#### Exercise:
Note each line in the data below that holds "ABRORNIS", and copy it.

══ Data for the task

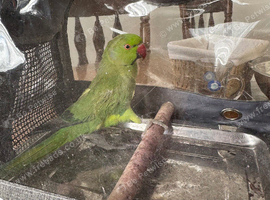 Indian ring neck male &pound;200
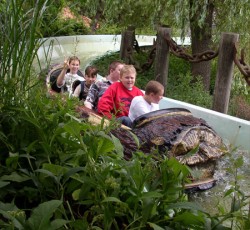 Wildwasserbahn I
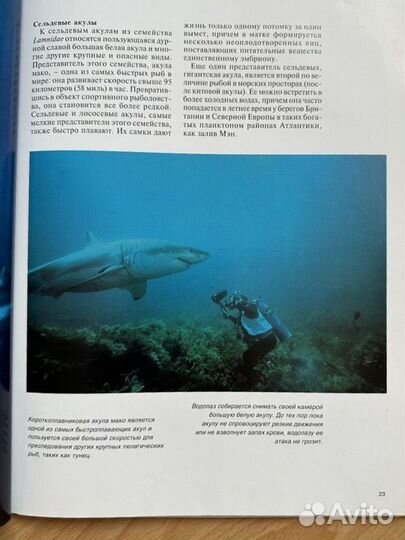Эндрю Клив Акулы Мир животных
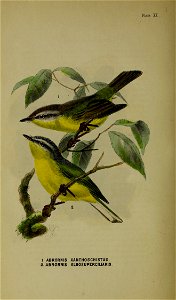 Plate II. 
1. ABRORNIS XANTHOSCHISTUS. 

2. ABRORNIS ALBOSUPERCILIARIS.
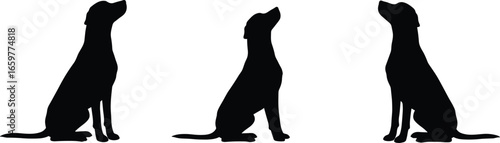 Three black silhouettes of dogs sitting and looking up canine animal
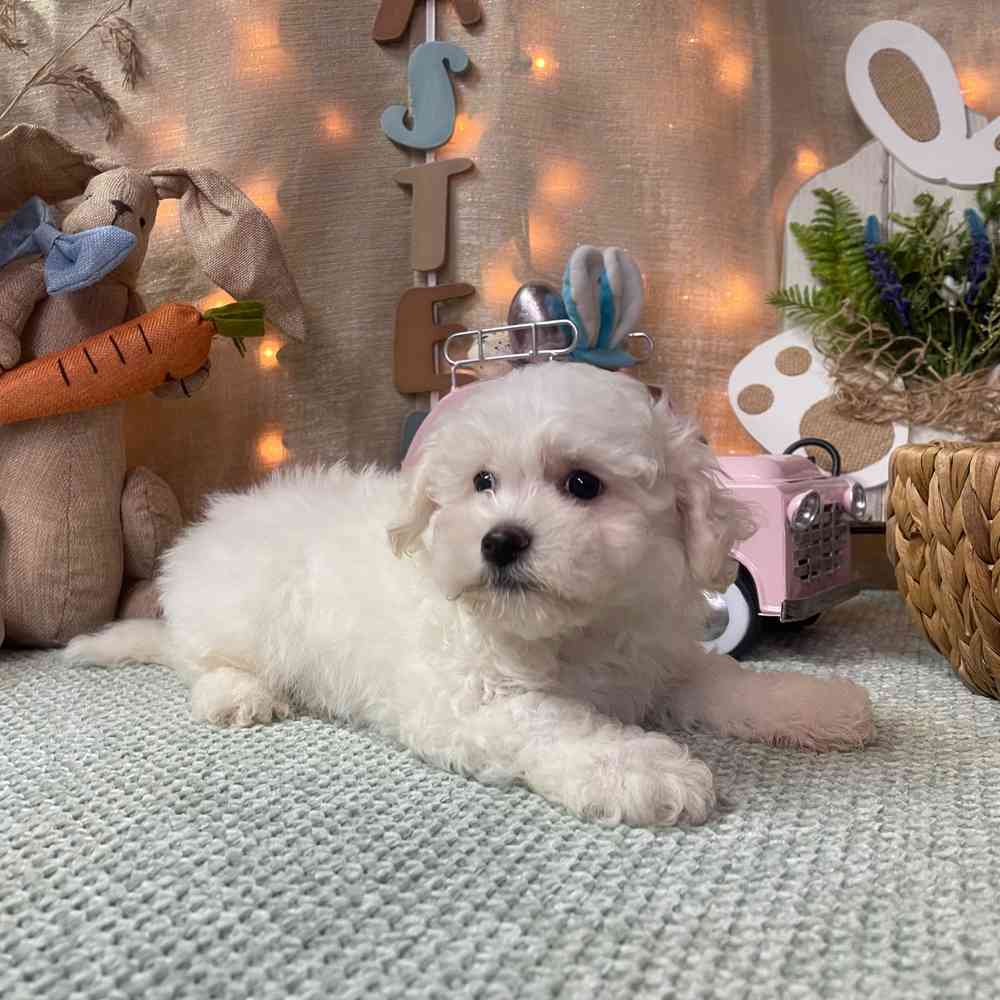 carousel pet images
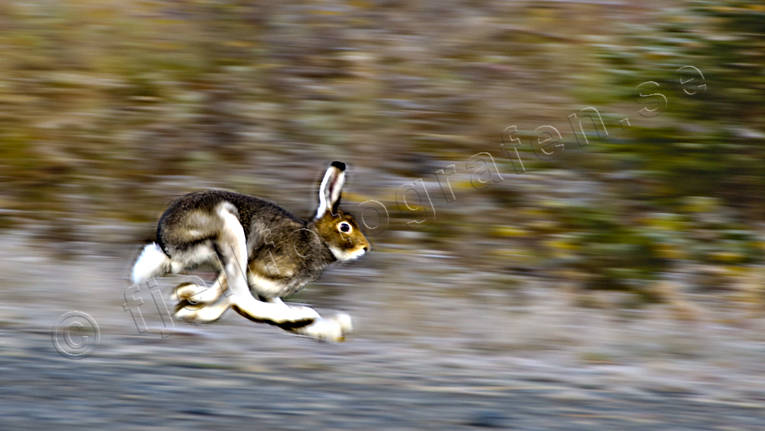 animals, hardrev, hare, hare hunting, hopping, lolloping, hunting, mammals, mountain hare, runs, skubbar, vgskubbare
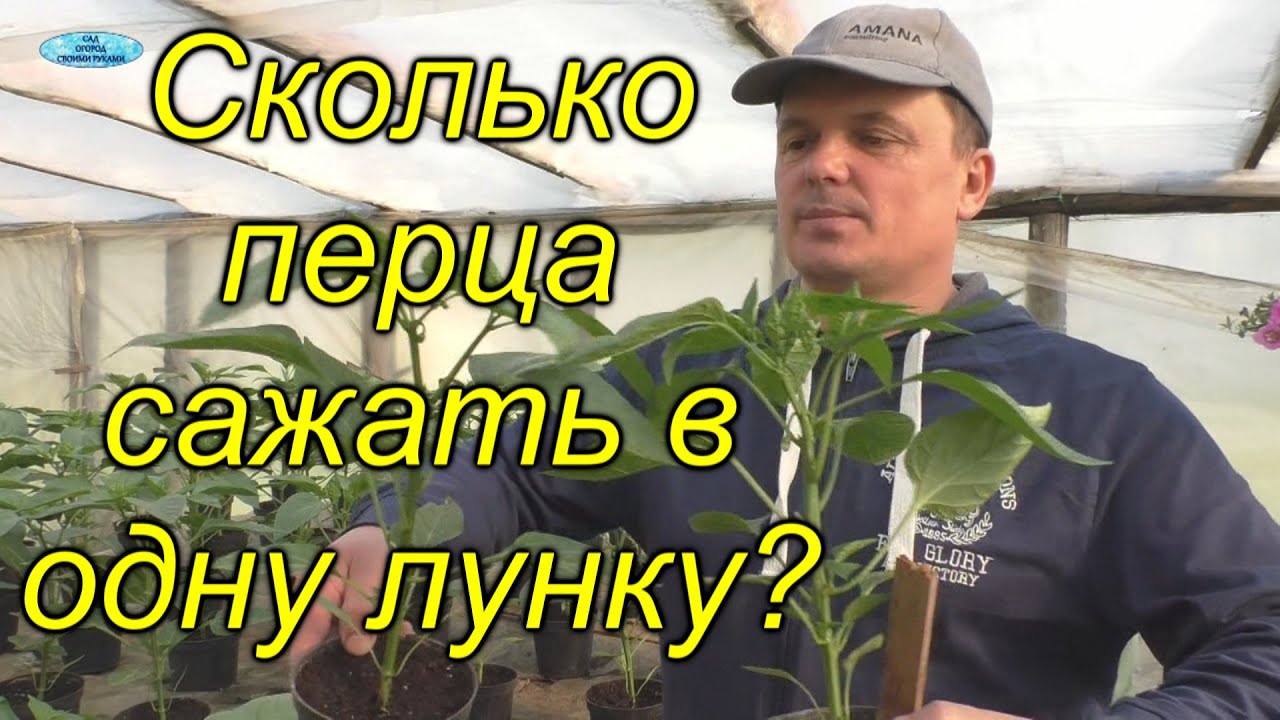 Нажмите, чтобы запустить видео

════

#### Result:
1. ABRORNIS XANTHOSCHISTUS. 
2. ABRORNIS ALBOSUPERCILIARIS.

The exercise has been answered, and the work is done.